“Style is a reflection of your attitude and your personality.”
– Shawn Ashmore
Photography is a very practical subject. It offers an outlet where a person can go let off steam and photograph anything they please in any way they like — all for good or bad.
You might buy a camera, choose a good lens, then realise, after a little practice, that maybe you need to stop and think about what you are doing, how to do it better than the day before.
That’s why, after many years as an artist and photographer, I started a YouTube channel. I wanted to offer a little helping hand to anybody who needs to reflect on what’s going on when we look through the lens. The thing is, that’s not such an easy task — to help others.
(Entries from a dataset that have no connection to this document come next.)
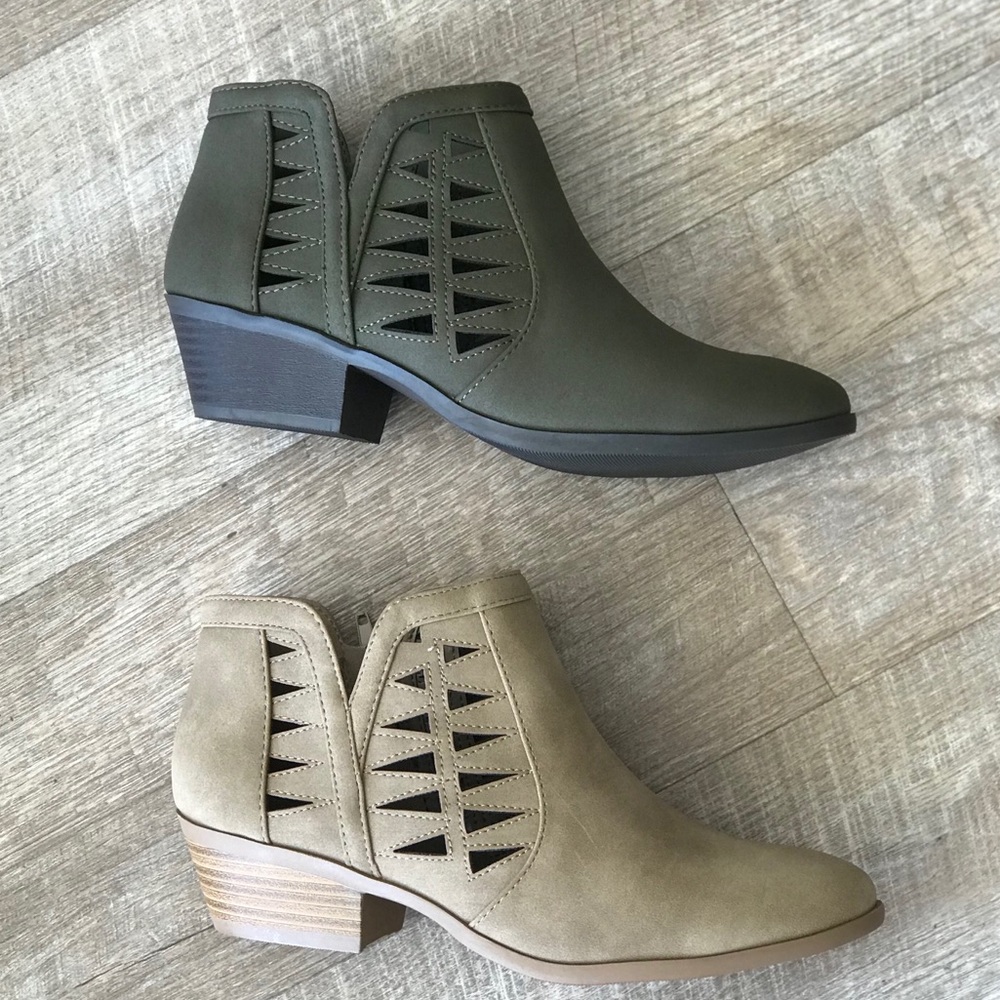Last 1! Soda Khaki 1.5” Low Heel Ankle Bootie 10 - Picture 2 of 8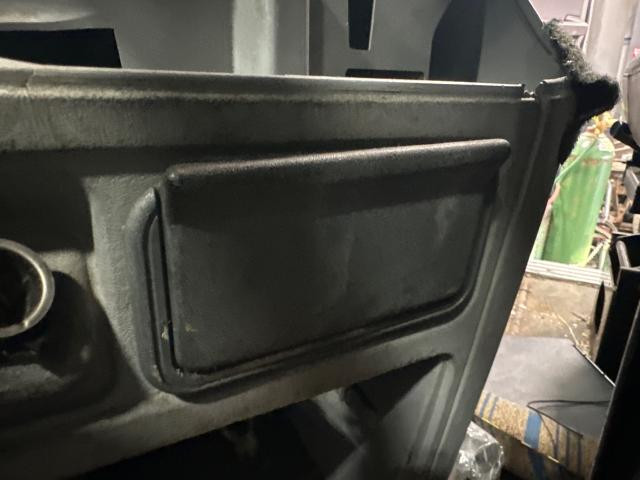 Freightliner C120 CENTURY Dash Panel: Ash Tray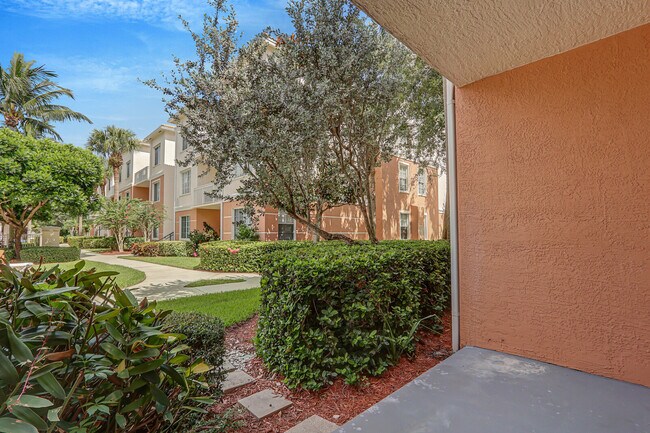 Building Photo - 3110 Myrtlewood Cir E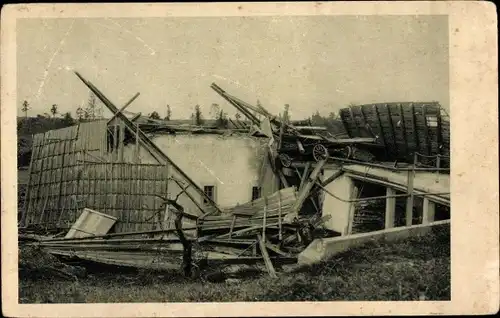 Ak La Chaux de Fonds Kanton Neuenburg, Cyclone 12. Juni 1926, Férme détruite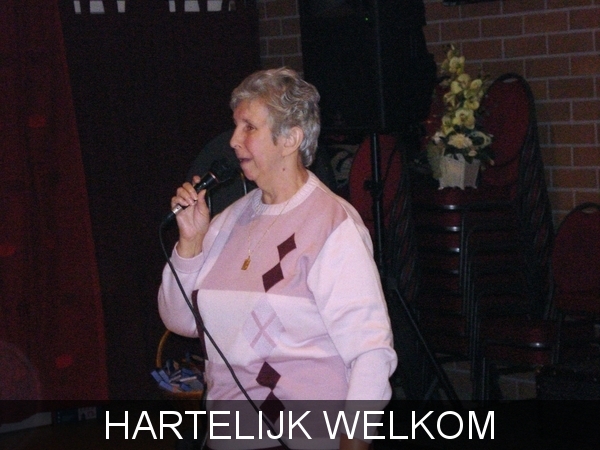 DE VOORZITSTER VERWELKOMT IEDEREEN
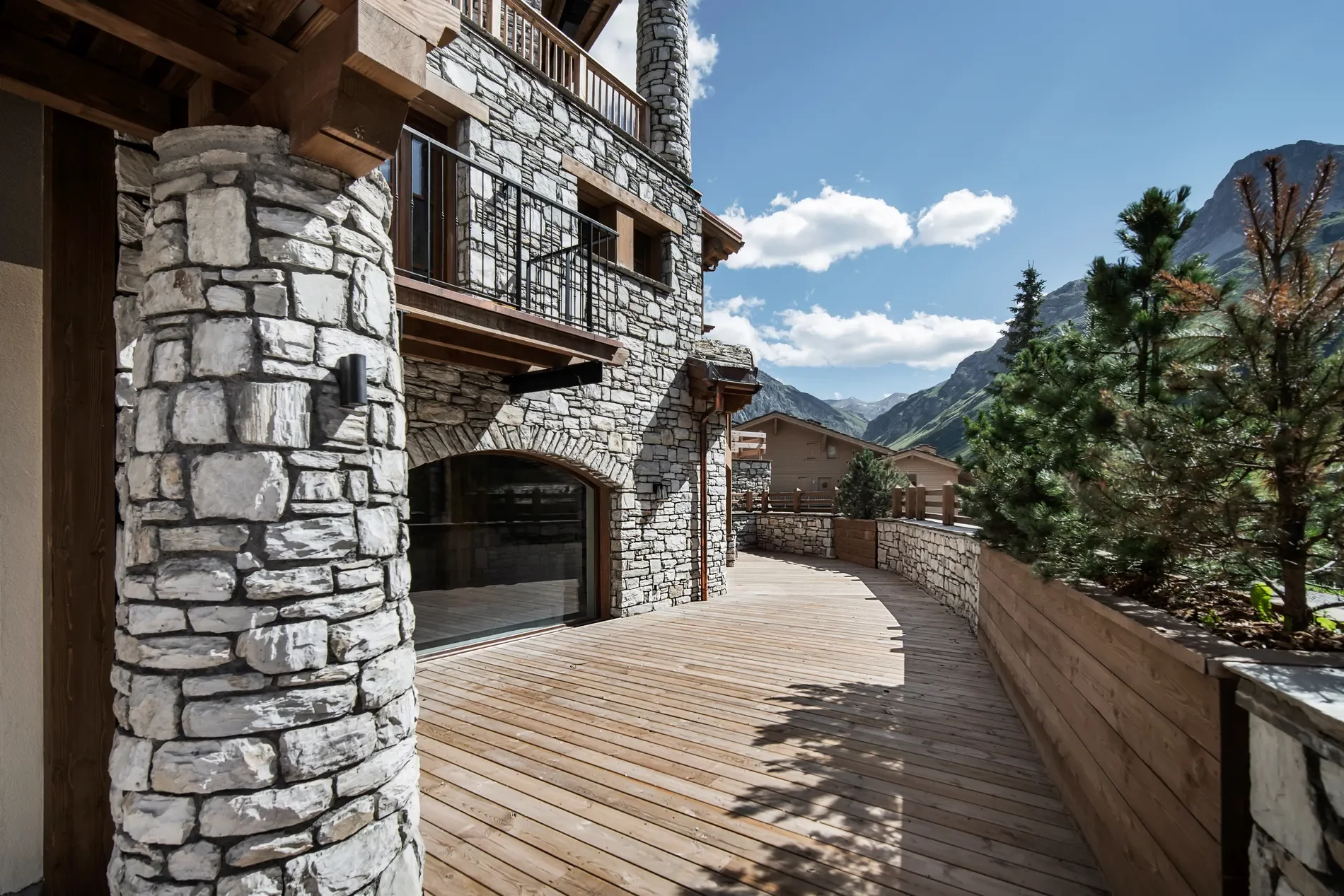 Exterior photo 5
I watch a lot of YouTube channels on all sorts; photography, politics, and cats. The cat videos beat all of life’s offerings, hands down. There’s nothing like a cat to teach us the art of light heartedness.
Helping other photographers to think like an artist, to take their time and stop using the digital camera as if they are firing a static machine gun at anything and everything that moves, is a tough call.
I don’t want to be too authorative in my videos, I don’t want to come across like the Kung-Foo Grasshopper of photography, offering wise words that almost sound like Japanese koans for meditation — “become the camera, become the object, be one with you sensor.” would be a bit too, have to go and puke, side of things.
Encouraging people to navel gaze on an active mission to get good street shots, or landscape photos, might be leading people up the garden path.
So, it’s difficult to keep up the good work. But I’ll keep at it. There’s something satisfying about making a video and later the same day, seeing that people watched it, liked watching it, and left their own views on the subject in the comments.
Like writing, making videos is about saying something that resonates well with an audience. Something useful.
I’ve even had comments that are not so nice — so, I must be doing something right; not trying to please everybody.
I’m a person who loves to ponder a point worth pondering, to meditate on philosophies, and drink coffee and stare out the back window at a blackbird sitting on a blossoming tree.
I believe this informs me about the things I see, when I take photos.
Likewise, I see the poetry in photography. We stop and look at nature, human-made objects like buildings, things that show us the past, half constructed objects that indicate future possibilities, and I’ll see the poetry that can be captured with a photograph.
It’s all about rhythms, rhymes, colours and tones, reflections of light, and depths of shadows-It’s an exciting world that many people simply walk past.
The photographer feels obliged to go out and seek the poetry of life, then bring it back home. Like a hunting dog let loose across the fields to seek its quarry.
When I go out into the streets of Berlin to take photos, I notice how my anticipation causes my heart to patter like a gentle snare drum introducing the beginning of an upbeat tune. My feet start to shuffle, stop, my eyes searching for that poetic quarry. It always there, I know this, I only need to slow my mind and see it right in front of myself.
Capturing visual poetry is also a practical activity. To know the capabilities of the camera and lens in your hand, by studying the triangle of light — F-Stop, ISO, shutter speed, and becoming good at it, you develop a secret sense that leads your feet to the right spot at the right time of day.
The sun and the shadows offer you their interplay of dark and light for a few seconds.
You point, look, adjust and shoot. And maybe, later, walk home satisfied with a pocket full of visual poetry.